(Work required):
Please retype the records below exactly, from the first line down to and including the line with "202425 NFL Playoff".

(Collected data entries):
──────

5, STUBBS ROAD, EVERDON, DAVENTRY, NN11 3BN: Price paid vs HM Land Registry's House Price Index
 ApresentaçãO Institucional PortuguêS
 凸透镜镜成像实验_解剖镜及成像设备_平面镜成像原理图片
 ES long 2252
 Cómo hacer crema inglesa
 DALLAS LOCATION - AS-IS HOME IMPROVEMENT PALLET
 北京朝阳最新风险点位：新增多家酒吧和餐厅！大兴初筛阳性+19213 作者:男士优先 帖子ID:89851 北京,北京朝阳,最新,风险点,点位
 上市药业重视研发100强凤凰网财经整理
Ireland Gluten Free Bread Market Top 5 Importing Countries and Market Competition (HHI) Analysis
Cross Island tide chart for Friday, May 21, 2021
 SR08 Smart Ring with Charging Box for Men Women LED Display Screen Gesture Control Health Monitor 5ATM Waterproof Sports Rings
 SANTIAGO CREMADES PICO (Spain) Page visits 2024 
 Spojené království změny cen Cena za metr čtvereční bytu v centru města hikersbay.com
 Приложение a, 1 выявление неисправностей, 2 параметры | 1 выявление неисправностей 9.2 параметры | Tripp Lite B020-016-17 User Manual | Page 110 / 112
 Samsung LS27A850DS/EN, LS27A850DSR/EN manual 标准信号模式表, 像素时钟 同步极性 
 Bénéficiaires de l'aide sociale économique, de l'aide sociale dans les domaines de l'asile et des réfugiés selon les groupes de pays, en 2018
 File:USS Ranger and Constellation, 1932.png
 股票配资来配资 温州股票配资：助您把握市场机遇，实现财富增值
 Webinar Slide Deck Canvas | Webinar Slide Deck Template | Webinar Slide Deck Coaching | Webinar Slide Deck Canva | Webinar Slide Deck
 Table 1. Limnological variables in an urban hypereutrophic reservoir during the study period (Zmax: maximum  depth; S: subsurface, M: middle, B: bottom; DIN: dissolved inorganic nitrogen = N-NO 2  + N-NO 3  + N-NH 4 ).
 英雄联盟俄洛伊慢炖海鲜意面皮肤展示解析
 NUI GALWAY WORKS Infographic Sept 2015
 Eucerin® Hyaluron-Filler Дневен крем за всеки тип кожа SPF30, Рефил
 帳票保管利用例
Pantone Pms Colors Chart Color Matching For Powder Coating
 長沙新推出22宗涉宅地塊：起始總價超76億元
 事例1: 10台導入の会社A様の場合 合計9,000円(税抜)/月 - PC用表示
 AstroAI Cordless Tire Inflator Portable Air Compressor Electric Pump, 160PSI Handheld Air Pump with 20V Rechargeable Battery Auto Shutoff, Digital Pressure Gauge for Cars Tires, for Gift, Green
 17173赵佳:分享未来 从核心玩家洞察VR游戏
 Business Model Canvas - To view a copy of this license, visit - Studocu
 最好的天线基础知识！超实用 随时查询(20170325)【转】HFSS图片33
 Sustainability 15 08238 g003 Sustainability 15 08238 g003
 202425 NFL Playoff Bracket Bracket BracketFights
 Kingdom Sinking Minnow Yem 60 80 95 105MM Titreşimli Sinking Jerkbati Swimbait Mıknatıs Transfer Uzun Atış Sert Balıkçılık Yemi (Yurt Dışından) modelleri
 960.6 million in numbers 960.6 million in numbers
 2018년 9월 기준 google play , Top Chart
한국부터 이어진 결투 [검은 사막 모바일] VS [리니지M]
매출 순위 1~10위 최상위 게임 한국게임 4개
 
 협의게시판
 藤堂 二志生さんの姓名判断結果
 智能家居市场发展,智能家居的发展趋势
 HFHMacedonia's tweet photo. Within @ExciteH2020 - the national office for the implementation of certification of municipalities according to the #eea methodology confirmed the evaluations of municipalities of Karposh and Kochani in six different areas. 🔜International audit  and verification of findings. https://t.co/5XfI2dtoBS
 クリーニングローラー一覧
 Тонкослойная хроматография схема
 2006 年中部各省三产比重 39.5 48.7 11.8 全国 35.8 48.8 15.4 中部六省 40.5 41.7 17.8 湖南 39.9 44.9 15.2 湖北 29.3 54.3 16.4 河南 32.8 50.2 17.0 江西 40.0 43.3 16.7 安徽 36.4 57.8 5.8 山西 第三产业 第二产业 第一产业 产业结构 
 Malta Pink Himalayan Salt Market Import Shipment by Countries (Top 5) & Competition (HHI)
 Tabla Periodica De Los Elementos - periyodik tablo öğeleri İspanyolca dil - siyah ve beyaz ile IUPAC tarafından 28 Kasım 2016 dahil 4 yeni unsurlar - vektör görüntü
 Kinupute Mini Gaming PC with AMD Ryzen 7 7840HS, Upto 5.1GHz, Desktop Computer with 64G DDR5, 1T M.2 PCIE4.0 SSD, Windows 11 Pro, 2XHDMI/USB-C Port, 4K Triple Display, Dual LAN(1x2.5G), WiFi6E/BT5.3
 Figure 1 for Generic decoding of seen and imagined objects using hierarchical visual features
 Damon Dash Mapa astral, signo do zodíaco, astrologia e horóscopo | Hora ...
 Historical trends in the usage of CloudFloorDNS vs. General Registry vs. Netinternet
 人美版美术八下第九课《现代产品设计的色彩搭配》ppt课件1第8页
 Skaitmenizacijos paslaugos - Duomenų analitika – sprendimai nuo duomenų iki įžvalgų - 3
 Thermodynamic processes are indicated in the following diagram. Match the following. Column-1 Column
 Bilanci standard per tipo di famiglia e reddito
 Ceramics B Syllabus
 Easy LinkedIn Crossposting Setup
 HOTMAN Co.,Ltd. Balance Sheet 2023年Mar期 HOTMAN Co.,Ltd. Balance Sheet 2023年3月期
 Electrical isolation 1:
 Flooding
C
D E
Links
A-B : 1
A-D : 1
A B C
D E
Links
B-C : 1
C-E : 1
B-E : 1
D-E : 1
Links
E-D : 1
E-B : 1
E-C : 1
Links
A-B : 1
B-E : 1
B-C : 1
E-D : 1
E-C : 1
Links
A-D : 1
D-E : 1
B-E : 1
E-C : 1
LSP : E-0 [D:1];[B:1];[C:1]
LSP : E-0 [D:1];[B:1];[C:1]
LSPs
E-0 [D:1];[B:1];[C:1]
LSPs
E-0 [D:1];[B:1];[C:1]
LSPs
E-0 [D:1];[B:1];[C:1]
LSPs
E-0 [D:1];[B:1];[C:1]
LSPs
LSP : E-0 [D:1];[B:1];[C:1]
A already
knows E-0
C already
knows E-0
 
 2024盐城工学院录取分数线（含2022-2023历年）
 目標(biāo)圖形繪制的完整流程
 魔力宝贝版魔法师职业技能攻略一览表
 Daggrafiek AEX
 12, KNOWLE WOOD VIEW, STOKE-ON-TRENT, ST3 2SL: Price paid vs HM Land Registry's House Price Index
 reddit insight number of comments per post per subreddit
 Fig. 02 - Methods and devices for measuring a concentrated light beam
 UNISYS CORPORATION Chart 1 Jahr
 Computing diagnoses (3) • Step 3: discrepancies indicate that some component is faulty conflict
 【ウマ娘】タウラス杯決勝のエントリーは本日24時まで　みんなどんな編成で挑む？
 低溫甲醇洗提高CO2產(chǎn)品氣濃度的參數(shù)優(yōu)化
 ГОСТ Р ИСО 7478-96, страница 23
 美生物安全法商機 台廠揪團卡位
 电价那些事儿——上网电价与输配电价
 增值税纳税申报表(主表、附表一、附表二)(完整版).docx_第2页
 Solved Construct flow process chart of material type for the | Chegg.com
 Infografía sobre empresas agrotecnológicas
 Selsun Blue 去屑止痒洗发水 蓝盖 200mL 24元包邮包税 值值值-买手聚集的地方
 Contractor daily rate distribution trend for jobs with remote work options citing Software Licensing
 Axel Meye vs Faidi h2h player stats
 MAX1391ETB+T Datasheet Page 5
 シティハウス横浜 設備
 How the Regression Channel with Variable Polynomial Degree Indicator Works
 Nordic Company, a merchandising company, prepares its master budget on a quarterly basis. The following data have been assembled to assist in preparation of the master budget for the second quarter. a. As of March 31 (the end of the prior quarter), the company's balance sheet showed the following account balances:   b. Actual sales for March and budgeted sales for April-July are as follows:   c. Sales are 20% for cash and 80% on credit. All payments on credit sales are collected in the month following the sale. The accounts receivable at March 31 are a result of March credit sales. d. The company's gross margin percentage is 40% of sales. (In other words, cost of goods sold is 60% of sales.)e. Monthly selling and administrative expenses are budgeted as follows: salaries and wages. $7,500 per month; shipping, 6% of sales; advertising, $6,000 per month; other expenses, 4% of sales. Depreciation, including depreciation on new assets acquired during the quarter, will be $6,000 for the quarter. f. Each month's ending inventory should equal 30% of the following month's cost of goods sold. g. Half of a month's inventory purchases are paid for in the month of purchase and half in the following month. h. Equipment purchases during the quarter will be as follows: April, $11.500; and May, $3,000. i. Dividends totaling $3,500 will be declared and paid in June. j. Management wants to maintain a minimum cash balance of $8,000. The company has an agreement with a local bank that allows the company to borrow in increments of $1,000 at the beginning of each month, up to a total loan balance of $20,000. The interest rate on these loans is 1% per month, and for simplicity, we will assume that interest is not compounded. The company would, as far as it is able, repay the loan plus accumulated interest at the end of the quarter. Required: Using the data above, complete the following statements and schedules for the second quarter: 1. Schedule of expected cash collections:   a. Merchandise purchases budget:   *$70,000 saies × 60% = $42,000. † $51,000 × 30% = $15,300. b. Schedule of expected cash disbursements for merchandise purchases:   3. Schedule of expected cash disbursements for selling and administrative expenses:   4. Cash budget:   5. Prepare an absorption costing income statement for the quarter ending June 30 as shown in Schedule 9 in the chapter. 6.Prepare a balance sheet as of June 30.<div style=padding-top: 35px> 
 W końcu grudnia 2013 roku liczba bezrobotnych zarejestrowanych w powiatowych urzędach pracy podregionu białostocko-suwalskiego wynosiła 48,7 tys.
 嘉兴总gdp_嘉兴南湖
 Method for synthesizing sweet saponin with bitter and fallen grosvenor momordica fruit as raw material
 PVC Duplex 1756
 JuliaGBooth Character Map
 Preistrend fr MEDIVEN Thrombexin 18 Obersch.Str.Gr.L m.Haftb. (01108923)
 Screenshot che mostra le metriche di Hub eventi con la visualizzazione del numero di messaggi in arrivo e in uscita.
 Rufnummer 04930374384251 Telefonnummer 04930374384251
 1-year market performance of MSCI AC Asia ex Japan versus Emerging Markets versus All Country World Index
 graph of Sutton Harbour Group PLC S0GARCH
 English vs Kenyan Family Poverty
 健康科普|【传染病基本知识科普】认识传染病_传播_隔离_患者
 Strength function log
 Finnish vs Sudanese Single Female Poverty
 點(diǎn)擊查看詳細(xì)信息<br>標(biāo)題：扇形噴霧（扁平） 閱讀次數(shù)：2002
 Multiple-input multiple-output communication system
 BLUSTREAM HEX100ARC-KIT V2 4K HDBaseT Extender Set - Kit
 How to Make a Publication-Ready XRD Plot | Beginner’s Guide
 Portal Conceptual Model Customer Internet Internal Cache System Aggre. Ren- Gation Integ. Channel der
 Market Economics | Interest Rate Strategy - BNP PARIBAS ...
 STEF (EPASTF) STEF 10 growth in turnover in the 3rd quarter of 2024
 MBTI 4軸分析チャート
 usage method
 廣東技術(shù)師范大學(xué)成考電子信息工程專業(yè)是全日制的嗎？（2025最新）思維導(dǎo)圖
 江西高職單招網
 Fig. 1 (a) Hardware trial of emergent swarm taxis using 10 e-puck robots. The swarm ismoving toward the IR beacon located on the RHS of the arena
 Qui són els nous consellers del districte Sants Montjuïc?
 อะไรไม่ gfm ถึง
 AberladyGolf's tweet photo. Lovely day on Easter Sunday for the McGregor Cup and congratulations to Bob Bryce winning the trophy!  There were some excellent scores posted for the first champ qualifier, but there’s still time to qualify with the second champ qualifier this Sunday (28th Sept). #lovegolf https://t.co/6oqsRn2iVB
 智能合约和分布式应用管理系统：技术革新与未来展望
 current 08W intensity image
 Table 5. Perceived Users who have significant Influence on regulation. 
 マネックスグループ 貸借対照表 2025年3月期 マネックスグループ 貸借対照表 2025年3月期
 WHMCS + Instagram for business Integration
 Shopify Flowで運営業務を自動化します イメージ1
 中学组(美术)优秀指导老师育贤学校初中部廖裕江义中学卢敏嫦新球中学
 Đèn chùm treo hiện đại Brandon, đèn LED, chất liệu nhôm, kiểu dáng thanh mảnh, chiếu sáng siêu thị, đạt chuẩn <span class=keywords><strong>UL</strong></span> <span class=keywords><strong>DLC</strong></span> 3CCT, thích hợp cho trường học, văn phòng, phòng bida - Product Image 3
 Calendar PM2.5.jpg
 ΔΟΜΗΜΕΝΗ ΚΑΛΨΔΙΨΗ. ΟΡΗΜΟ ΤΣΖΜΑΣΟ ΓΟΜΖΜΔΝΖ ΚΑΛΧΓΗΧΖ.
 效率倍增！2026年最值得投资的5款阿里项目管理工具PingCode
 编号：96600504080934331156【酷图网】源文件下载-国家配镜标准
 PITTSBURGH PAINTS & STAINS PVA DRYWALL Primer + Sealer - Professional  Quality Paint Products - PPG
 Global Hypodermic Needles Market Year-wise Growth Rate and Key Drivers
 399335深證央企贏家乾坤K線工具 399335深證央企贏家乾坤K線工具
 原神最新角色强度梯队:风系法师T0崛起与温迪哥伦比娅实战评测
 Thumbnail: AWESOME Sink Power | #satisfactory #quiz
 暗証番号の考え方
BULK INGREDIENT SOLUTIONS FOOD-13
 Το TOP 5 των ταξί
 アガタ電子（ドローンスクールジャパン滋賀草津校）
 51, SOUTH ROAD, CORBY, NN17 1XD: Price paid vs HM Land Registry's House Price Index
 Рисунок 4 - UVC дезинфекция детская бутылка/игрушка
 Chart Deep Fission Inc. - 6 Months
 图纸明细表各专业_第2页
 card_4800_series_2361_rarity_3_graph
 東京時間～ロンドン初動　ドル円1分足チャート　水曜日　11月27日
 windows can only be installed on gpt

──────

(Result of the exercise):
5, STUBBS ROAD, EVERDON, DAVENTRY, NN11 3BN: Price paid vs HM Land Registry's House Price Index
 ApresentaçãO Institucional PortuguêS
 凸透镜镜成像实验_解剖镜及成像设备_平面镜成像原理图片
 ES long 2252
 Cómo hacer crema inglesa
 DALLAS LOCATION - AS-IS HOME IMPROVEMENT PALLET
 北京朝阳最新风险点位：新增多家酒吧和餐厅！大兴初筛阳性+19213 作者:男士优先 帖子ID:89851 北京,北京朝阳,最新,风险点,点位
 上市药业重视研发100强凤凰网财经整理
Ireland Gluten Free Bread Market Top 5 Importing Countries and Market Competition (HHI) Analysis
Cross Island tide chart for Friday, May 21, 2021
 SR08 Smart Ring with Charging Box for Men Women LED Display Screen Gesture Control Health Monitor 5ATM Waterproof Sports Rings
 SANTIAGO CREMADES PICO (Spain) Page visits 2024 
 Spojené království změny cen Cena za metr čtvereční bytu v centru města hikersbay.com
 Приложение a, 1 выявление неисправностей, 2 параметры | 1 выявление неисправностей 9.2 параметры | Tripp Lite B020-016-17 User Manual | Page 110 / 112
 Samsung LS27A850DS/EN, LS27A850DSR/EN manual 标准信号模式表, 像素时钟 同步极性 
 Bénéficiaires de l'aide sociale économique, de l'aide sociale dans les domaines de l'asile et des réfugiés selon les groupes de pays, en 2018
 File:USS Ranger and Constellation, 1932.png
 股票配资来配资 温州股票配资：助您把握市场机遇，实现财富增值
 Webinar Slide Deck Canvas | Webinar Slide Deck Template | Webinar Slide Deck Coaching | Webinar Slide Deck Canva | Webinar Slide Deck
 Table 1. Limnological variables in an urban hypereutrophic reservoir during the study period (Zmax: maximum  depth; S: subsurface, M: middle, B: bottom; DIN: dissolved inorganic nitrogen = N-NO 2  + N-NO 3  + N-NH 4 ).
 英雄联盟俄洛伊慢炖海鲜意面皮肤展示解析
 NUI GALWAY WORKS Infographic Sept 2015
 Eucerin® Hyaluron-Filler Дневен крем за всеки тип кожа SPF30, Рефил
 帳票保管利用例
Pantone Pms Colors Chart Color Matching For Powder Coating
 長沙新推出22宗涉宅地塊：起始總價超76億元
 事例1: 10台導入の会社A様の場合 合計9,000円(税抜)/月 - PC用表示
 AstroAI Cordless Tire Inflator Portable Air Compressor Electric Pump, 160PSI Handheld Air Pump with 20V Rechargeable Battery Auto Shutoff, Digital Pressure Gauge for Cars Tires, for Gift, Green
 17173赵佳:分享未来 从核心玩家洞察VR游戏
 Business Model Canvas - To view a copy of this license, visit - Studocu
 最好的天线基础知识！超实用 随时查询(20170325)【转】HFSS图片33
 Sustainability 15 08238 g003 Sustainability 15 08238 g003
 202425 NFL Playoff Bracket Bracket BracketFights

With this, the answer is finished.